In der zweiten Podiumsrunde waren neben Dr. Bahar Haghanipour (Gleichstellungspolitische Sprecherin von Bündnis 90/die Grünen), Orkan Özdemir (Migrationspolitischer Sprecher der SPD) und Björn Wohlert (Mitglied im Ausschuss Integration, Arbeit, Soziales der CDU), Katarina Niewiedzial (Beauftragte des Senats für Integration und Migration) und Daniela Sepehri (Menschenrechtsaktivistin) vertreten. Besonders hervorgehoben wurde die Problematik der Einschüchterung und Bedrohung der iranischen AktivistInnen in Deutschland durch die iranische Regierung. Iranische AktivistInnen müssen um ihr eigenes Leben und/oder um das ihrer Angehörigen und bekannten im Iran fürchten. Bei Kundgebungen machen mutmaßlich iranische Geheimdienstangehörige Fotos der Demonstrierenden. Frau Sepehri schlug vor, die Straße der iranischen Botschaft in „Jina-Masha-Amini-Straße“ umzubenennen, um von Deutschland aus Solidarität mit den iranischen Protestierenden zu zeigen. Es wurde die Notwendigkeit säkularer Anlaufstellen für Geflüchtete herausgestellt, um spezifische und sakuläre Bedürfnisse Geflüchteter abzudecken. Mit bewegenden Worten meldete sich Frau Naiby nochmal zu Wort und richtete Ihren Appel direkt an die anwesenden PolitikerInnen. Sie berichtete, wie sie 2015 vor den Taliban flüchtete musste und hier in Deutschland über 4 Jahre keinen Integrations- und Sprachkurs besuchen konnte, weil sie als Afghanin im Asylverfahren keinen Zugang hatte. Nur mit ehrenamtlciher Hilfe hat sie es geschaft und meinte, was sie und was Deutschland davon hätte, wenn geflüchtete Menschen jahrelang ohne Perspektive und Bildungsmöglichkeiten in Unterkünften untergebracht werden. Allgemeine Einigkeit herrschte darüber, dass die unkomplizierte und schnelle Regelung bei ukrainschen Geflüchteten hinsichtlich Spracherwerb und Erwerbsmöglichkeiten als Vorbild genommen werden sollte und als Beispiel für alle gelten sollte. Eine Antwort zur konkreten Umsetzung blieben die PolitikerInnen allerdings schuldig.

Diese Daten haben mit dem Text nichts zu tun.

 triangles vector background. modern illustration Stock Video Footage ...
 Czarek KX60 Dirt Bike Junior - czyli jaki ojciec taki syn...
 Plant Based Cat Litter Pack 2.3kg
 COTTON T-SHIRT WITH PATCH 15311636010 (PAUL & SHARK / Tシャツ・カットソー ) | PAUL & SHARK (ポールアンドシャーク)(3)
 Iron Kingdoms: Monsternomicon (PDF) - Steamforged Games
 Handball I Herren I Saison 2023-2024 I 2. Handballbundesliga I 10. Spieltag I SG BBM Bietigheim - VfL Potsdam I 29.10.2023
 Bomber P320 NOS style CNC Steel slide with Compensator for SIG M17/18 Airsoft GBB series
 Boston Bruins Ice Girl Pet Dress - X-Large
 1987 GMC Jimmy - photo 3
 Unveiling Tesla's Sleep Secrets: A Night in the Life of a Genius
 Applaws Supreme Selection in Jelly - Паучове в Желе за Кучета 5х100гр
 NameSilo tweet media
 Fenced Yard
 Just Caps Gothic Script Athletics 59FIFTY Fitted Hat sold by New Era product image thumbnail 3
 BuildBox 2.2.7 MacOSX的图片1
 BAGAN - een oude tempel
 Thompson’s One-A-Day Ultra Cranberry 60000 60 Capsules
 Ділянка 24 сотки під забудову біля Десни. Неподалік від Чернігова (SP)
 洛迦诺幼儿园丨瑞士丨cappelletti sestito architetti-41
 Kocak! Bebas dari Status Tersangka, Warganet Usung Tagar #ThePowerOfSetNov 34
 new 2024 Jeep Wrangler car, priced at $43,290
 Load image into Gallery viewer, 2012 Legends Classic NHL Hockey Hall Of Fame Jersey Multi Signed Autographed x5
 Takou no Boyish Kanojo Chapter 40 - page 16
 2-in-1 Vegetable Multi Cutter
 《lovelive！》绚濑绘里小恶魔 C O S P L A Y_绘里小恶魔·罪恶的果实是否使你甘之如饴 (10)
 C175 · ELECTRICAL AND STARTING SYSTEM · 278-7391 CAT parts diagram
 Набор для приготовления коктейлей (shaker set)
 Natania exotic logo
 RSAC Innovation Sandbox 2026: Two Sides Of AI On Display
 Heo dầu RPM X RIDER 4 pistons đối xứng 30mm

Abgeschlossen wurden die Diskussionsrunden mit einem „Get together“ und weiterer Community Talks mit iranischen und afghanischen AktivistInnen. Mit rund 140 Anmeldungen war die Fachveranstaltung vollständig ausgebucht. Es wurden aktuelle Aspekte fokussiert, Strukturen und Hilfsangebote ermittelt, über Strategien und Maßnahmen auf Berliner Ebene diskutiert sowie Empfehlungen und Forderungen an die Landes- und Bundesregierung erfasst.